**PROBLEM STATEMENT**
With pictures left out, retype exactly the lines from the one containing "Photo 26 at" through the final line of the entries.

[Image-caption web data]
>>>>
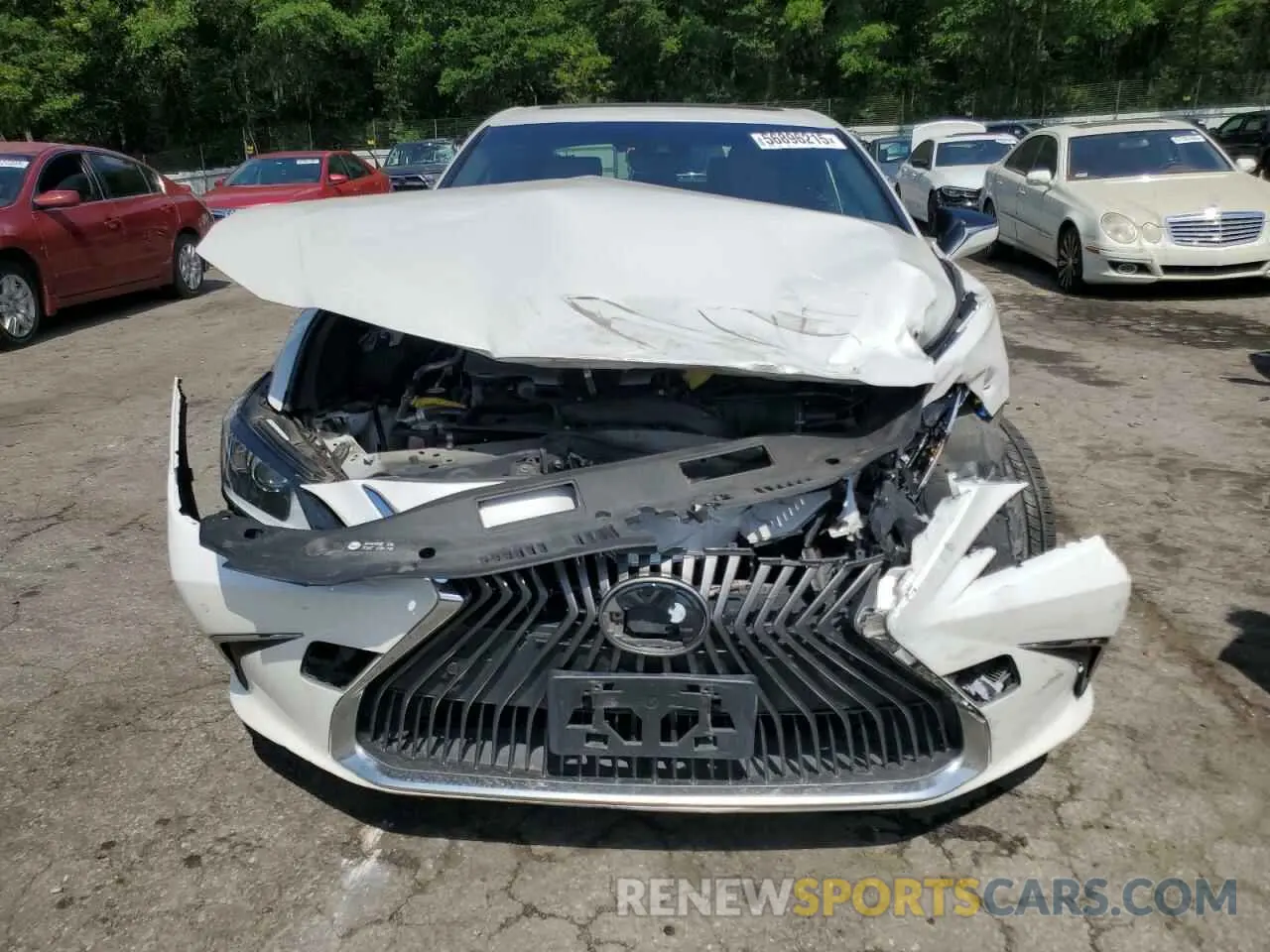 5 fotografías del automóvil dañado JTHB21B10K2001721 LEXUS ES300 2019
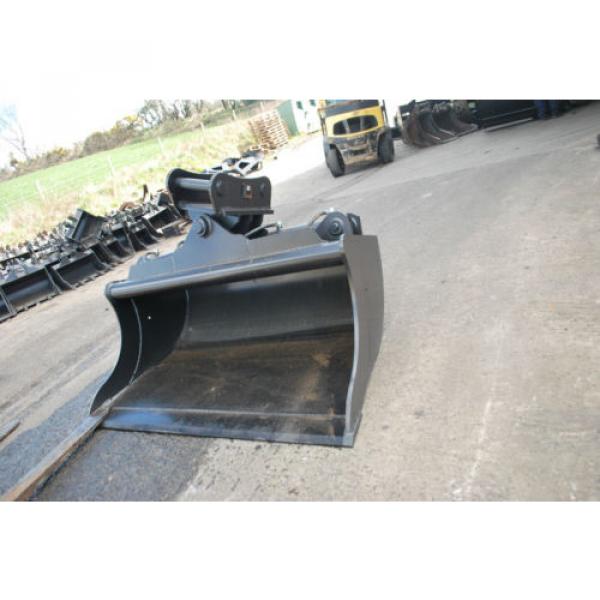 Heavy Duty Hydraulic Tilt Bucket (2 cyl) for 6 - 8 Tonne Excavator Digger #1 image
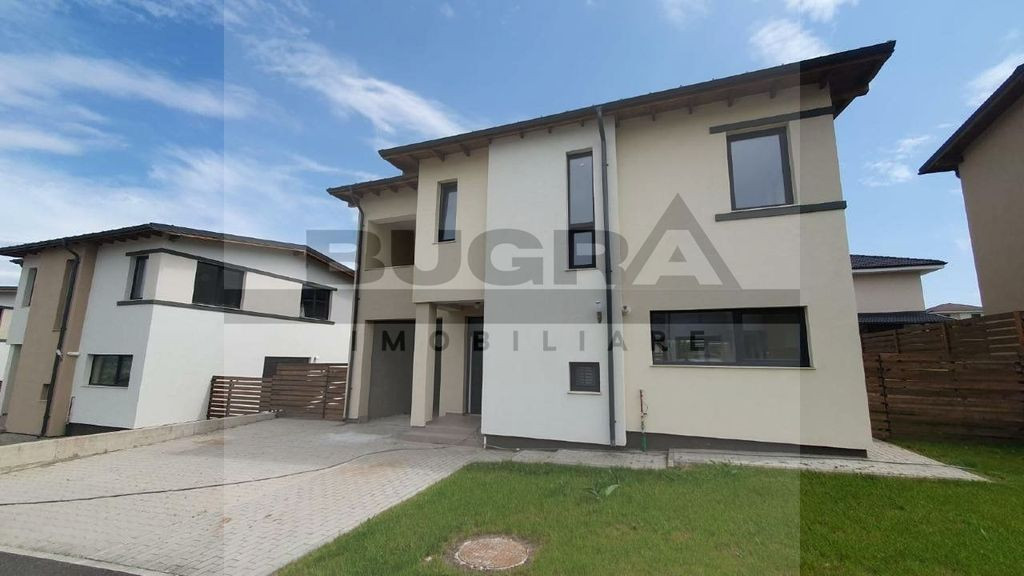 Casa de inchiriat in Dezmir, ansamblu privat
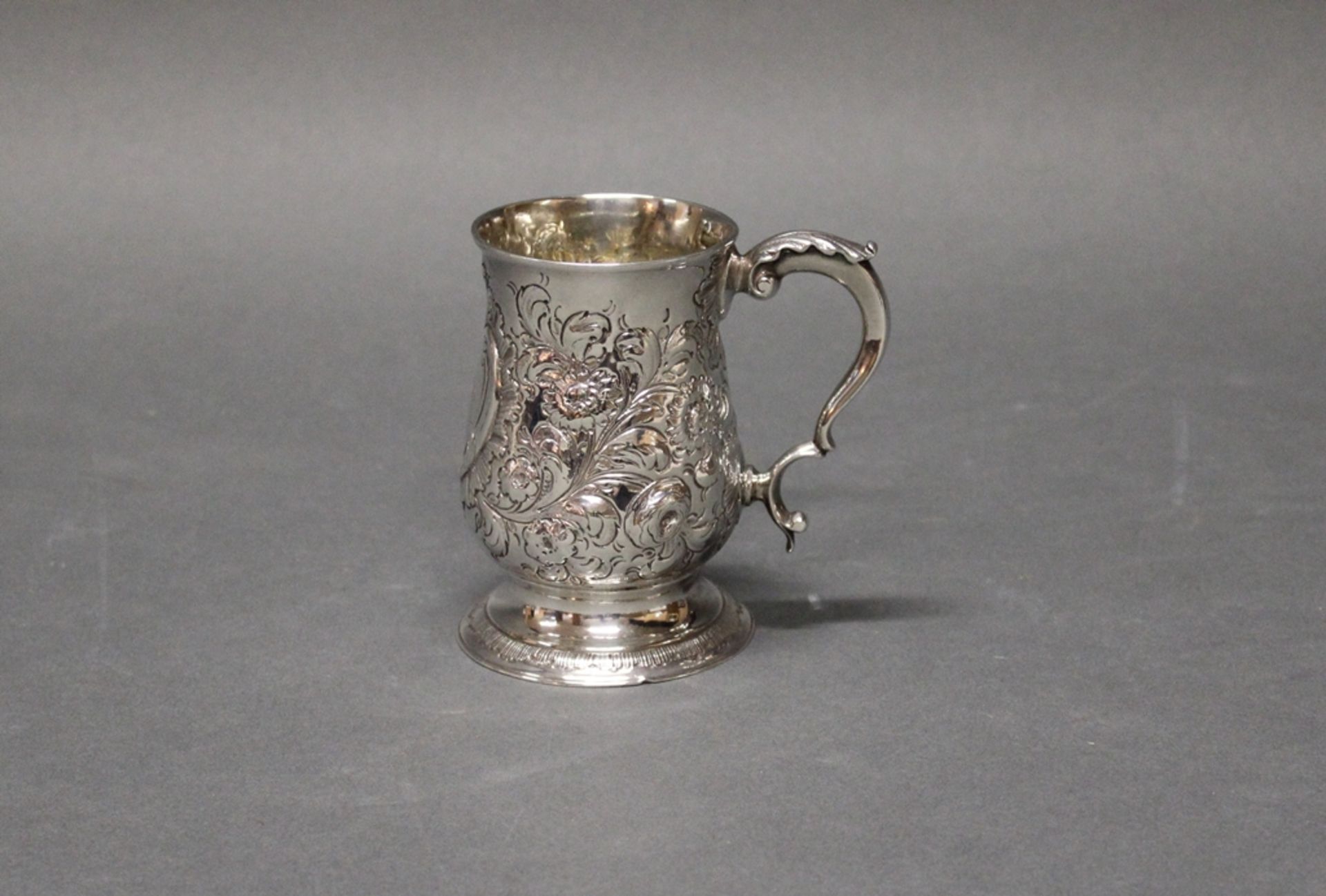 Mug, Silber 925, London, 1783, gebauchter Korpus auf Standfuß, rocaillierte Kartusche mit Monogramm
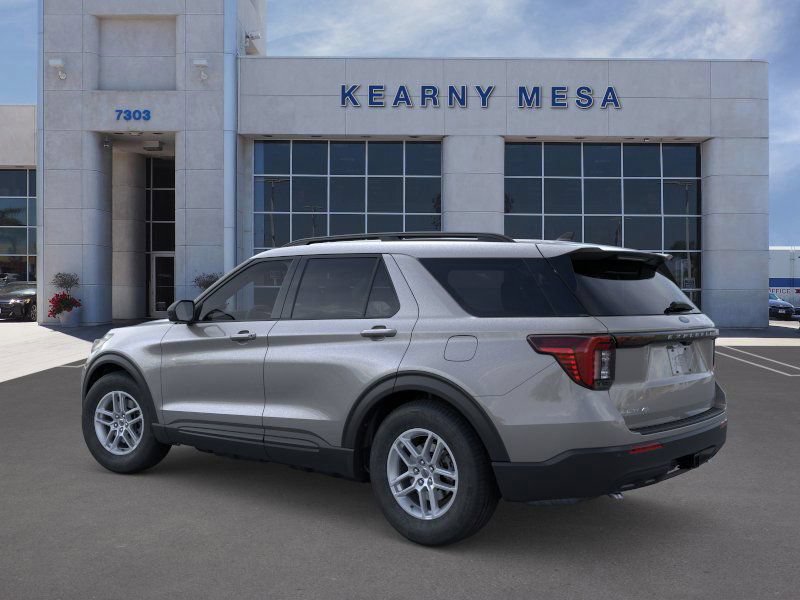 New 2026 Ford Explorer Active RWD image 33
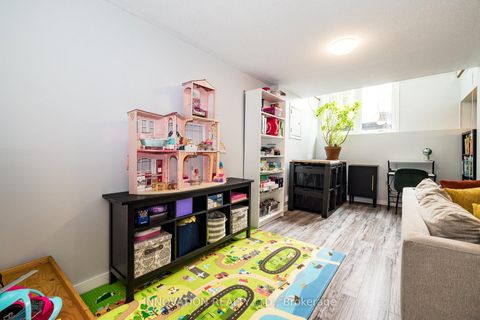 Photo 26 at 128 Pickwick Drive, Nepean (Cedargrove/Fraserdale), Ottawa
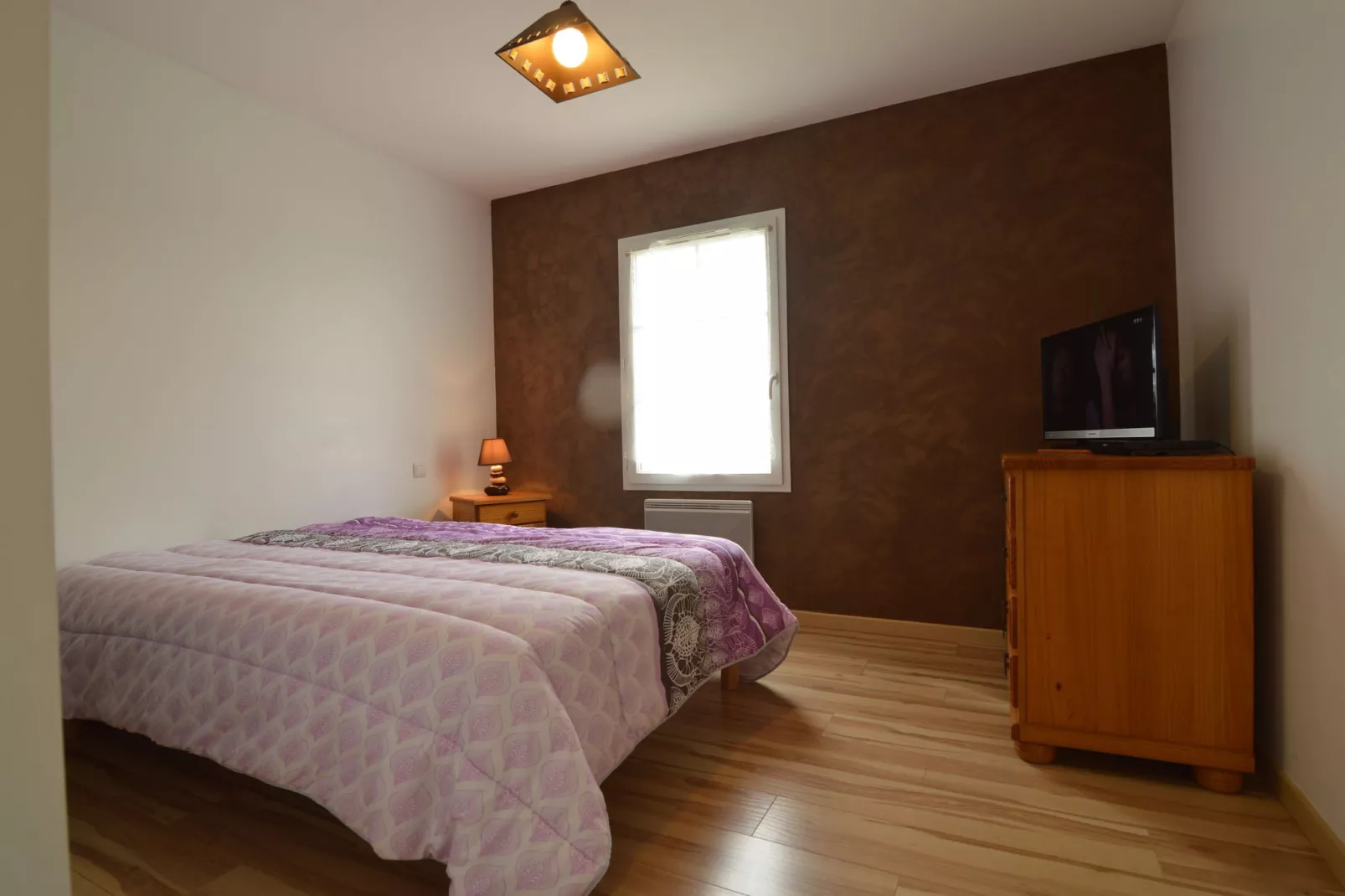 Maison vacances chaleureuse proche de la plage-Bedroom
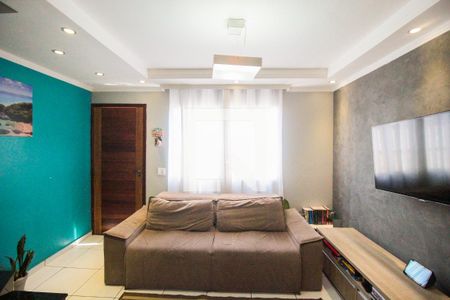 Sala de casa de condomínio à venda com 2 quartos, 70m² em Vila Monte Santo, São Paulo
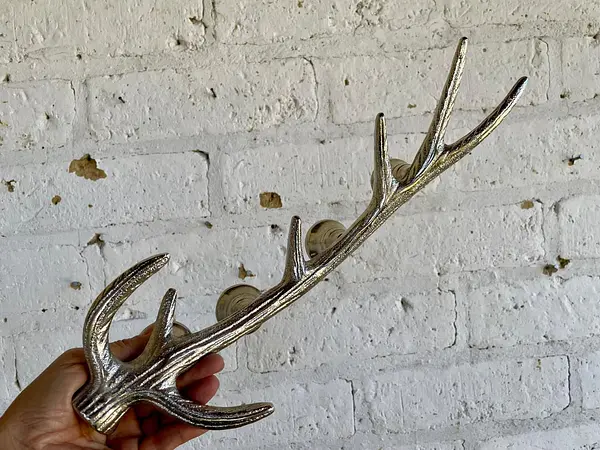 Candelabro Metálico Cacho Venado Para 4 Velas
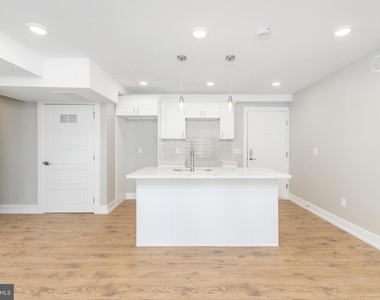 2304 N 9th Street - Photo Thumbnail 7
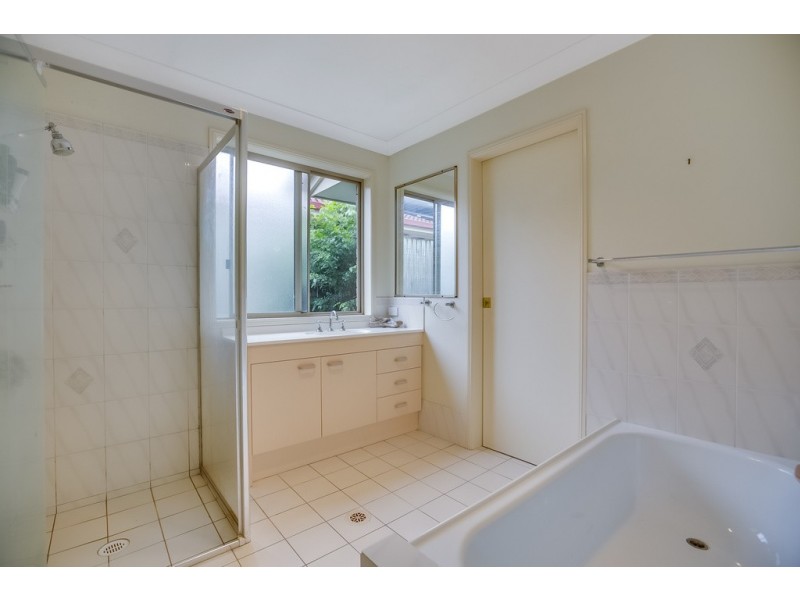 6 Clipper Place, Manly West QLD 4179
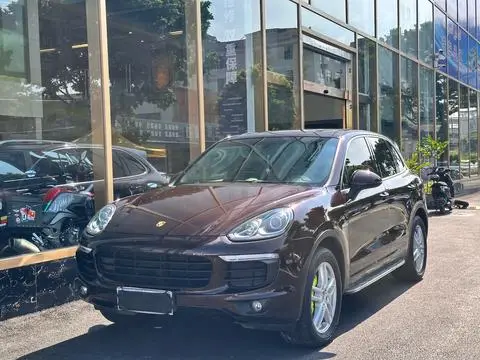 Porsche Cayenne E-Hybrid 2015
<<<<
**YOUR RESPONSE**
 Photo 26 at 128 Pickwick Drive, Nepean (Cedargrove/Fraserdale), Ottawa
 Maison vacances chaleureuse proche de la plage-Bedroom
 Sala de casa de condomínio à venda com 2 quartos, 70m² em Vila Monte Santo, São Paulo
 Candelabro Metálico Cacho Venado Para 4 Velas
 2304 N 9th Street - Photo Thumbnail 7
 6 Clipper Place, Manly West QLD 4179
 Porsche Cayenne E-Hybrid 2015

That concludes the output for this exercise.